MessageSujet: Les Contes de L'Onmyoji [An 37] 11/5/2017, 20:58

3e jour du mois du Lièvre, An 37 - Heure du Singe

La fin de journée printanière était vraiment exquise. Revenant d'une première mission avec un groupe de Miko, j'étais fatiguée mais heureuse d'avoir pu enfin voir le monde extérieur. Depuis les 7 ans que j'étais au temple à présent, j'avais pus participer pour la première fois à une mission extérieure avec d'autres prêtres et Miko. Ce n'était rien de très important, un simple office de purification près d'un temple à la demande d'un noble de la région autour de Meisou. Mais pour mes 14 ans, c'était déjà un grand pas en avant ! Que j'en avais entendu des histoires sur les youkaï diaboliques, les vils esprits qui mettaient miasmes et chaos partout sur leur passage. Ma mission avait été empreinte d'imagination et d'héroïsme sur mon départ, mais le résultat m'avait remis les pieds sur terre. Rien de bien probant ni de grandes aventures. C'était en un sens une petite déception, une réalité qui remettait à niveau mes expectations romantiques de ma mission de Miko. Mais en cette fin de journée chaude, alors que nous faisions une halte dans une petite taverne en buvant du thé dehors, on ne pouvait pas dire que j'avais tout râté.

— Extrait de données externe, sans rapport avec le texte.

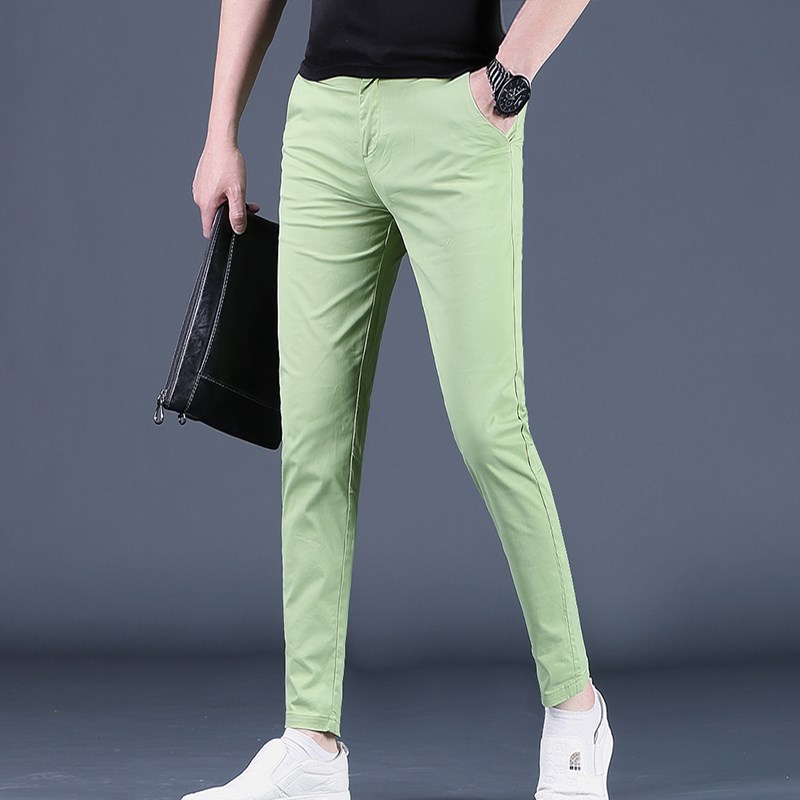 夏季裤子男九分裤男士休闲裤潮流修身薄24新款9分裤百搭潮牌男裤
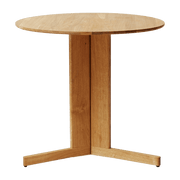 Table ronde en chêne naturel 75 cm Trefoil - Form & Refine - The Cool Republic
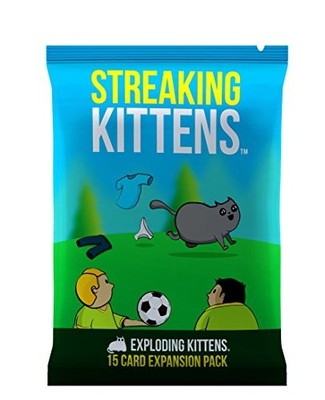 Exploding Kittens Streaking Kittens: 2nd Expansion Card Game Set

L'air des plaines, le souffle d'un vent apportant des effluves différentes. Rencontrer différentes personnes, se confronter au monde réel. Plutôt sage et discrète, j'étais restée en retrait tout du long et avait simplement observé. Mais j'avais beaucoup appris, de même que je m'étais rendue compte que mon apparence ne laissait pas indifférent les passants. Chose étrange de se rendre compte de ces faits à cet âge, surtout quand on a l'habitude de toujours cotoyer les mêmes personnes. Je n'avais jamais pu vraiment comprendre l'impact que ma simple présence, de paroles douce et un simple sourire pouvait faire. Je me demandais même si les prêtres et Miko ne m'avaient tout simplement amené que pour faire joli dans le décor et "apaiser" comme ils disent l'esprit par les yeux. Même dans cette taverne, je ne pouvais ignorer le regard de certaines personnes. Je regardais les prêtres et les Miko discuter, de sujets qui m'intéressaient peu à vrai dire. Ennuyée et voulant continuer de voir un peu ce qu'il se passait autour de la taverne, je pris rapidement congé en promettant de ne pas aller loin. Mais ils n'eurent pas vraiment le temps de me dire oui ou non que j'étais déjà partie. Pas bien loin cependant.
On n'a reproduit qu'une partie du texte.